Characterization and 4D imaging of near well CO2 flow in fractures and microannuli

Carbon Capture and Storage (CCS) is a promising technology to mitigate climate change. Ensuring long-term well integrity is crucial to prevent CO2 leakage, which could pose environmental and safety hazards. This project aims to develop a robust method for detecting CO2 leakage behind casing in the the wellbore. It will focus on imaging CO2 flow at various length scales, exploiting CO2's unique properties to enhance detectability. The project addresses critical challenges hindering CCS implementation: 1. Communicating CCS importance for global emission reduction: Effectively communicating CCS importance to policymakers, industry leaders, and the public is crucial for widespread acceptance and support. 2. Industry-academia collaboration to increase technology readiness level (TRL) of critical CCS technology: Collaboration is essential to accelerate CCS development and deployment. This project fosters a synergistic partnership between industry experts and academic researchers to advance the TRL of CO2 leakage detection methods. 3.Enabling well integrity diagnostics of active and abandoned wells: The project will develop methods for diagnosing the integrity of both active and abandoned wells, ensuring long-term CCS project safety. 4.Exploring particularities of CO2 flow and leakage pathways: Understanding CO2's unique properties will enable tailored detection methods that are highly sensitive to CO2 leakage. 5.Exploring how to detect CO2 leakage behind casing at different length scales: The project will investigate methods for detecting CO2 leakage at various distances from the leakage origin, from near-well leakage to larger-scale migration. The project's primary objective is to enhance CO2 storage safety by improving our understanding of CO2 flow behind casing. This encompasses understanding CO2 leakage mechanisms, potential remediation techniques, and developing cost-effective monitoring systems for early warning of well integrity loss.

The CHARISMA project will enhance CO2 storage safety by improving our knowledge on CO2 flow behind casing – including how it can be remediated and detected at various distances from the leakage origin. Experiments will focus on advanced experiments, brought to realistic field conditions through modelling.
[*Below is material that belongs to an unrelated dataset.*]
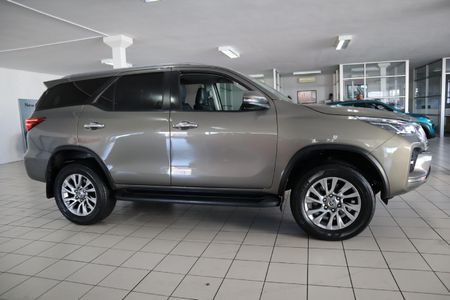 2021-Toyota-Fortuner-28-GD-6-Raised-Body-Auto_2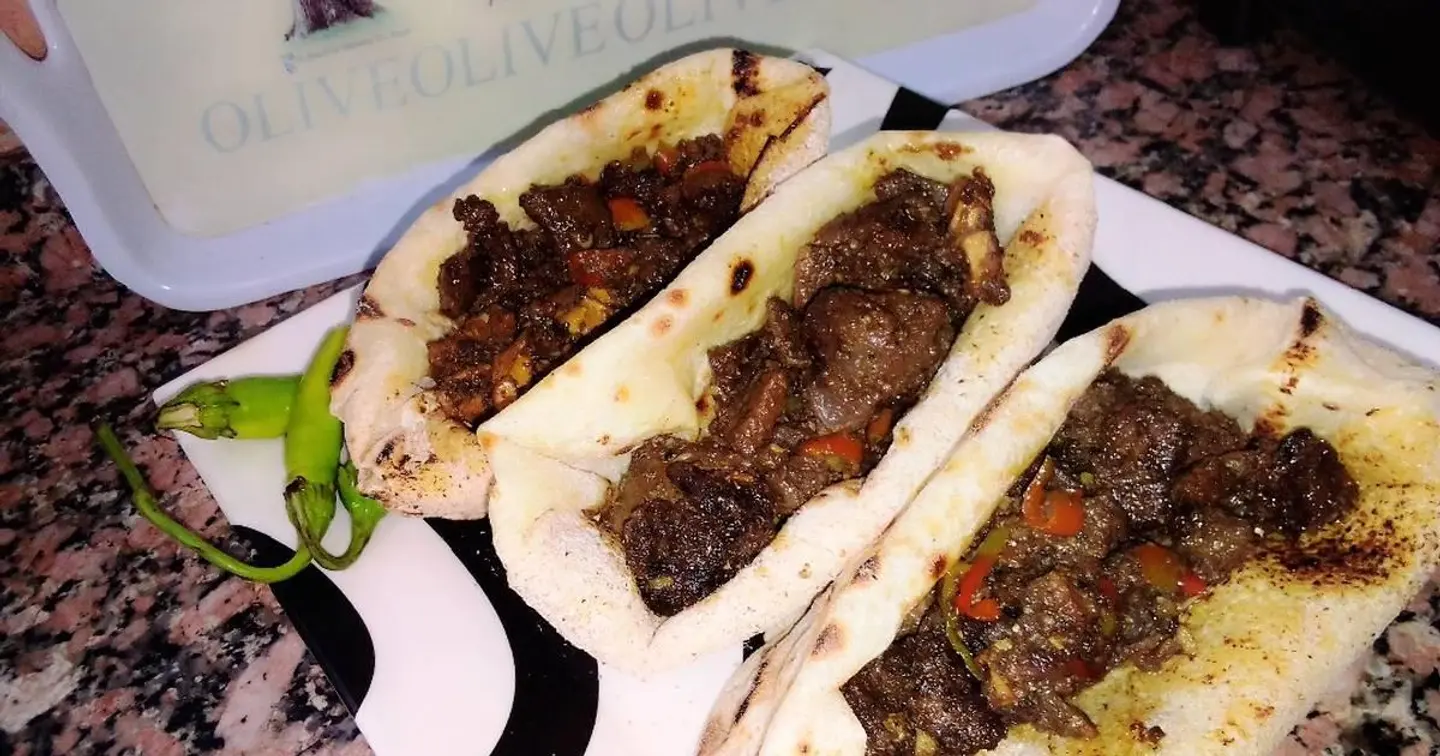 كبدة طازجة على الصاج بالخبز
Behind-casing flow paths, such as micro-annuli and natural/drilling induced fractures will be induced and analysed, both experimentally and numerically, and in-situ flow experiments in the X-ray computed tomography machine will enable study of the fluid loss rate and its impact on surrounding materials. The success of remediation operations will be studied through the same procedure, which also enables studies of propagating secondary fractures (due to the high pressures during remediation fluid pumping). The final scope of the project is to address the detectability of CO2 flow at different scales, based on state-of-the-art instrumentation and methods in geophysics. The project will involve besides Norwegian partners SINTEF, NTNU and NGI, notable international partners from the US, the University of Pittsburgh, Colorado School of Mines and Lawrence Livermore National Laboratory. These will advise the local project team, taking advantage of their established expertise in designing remediation fluids and well integrity experimentation and modelling.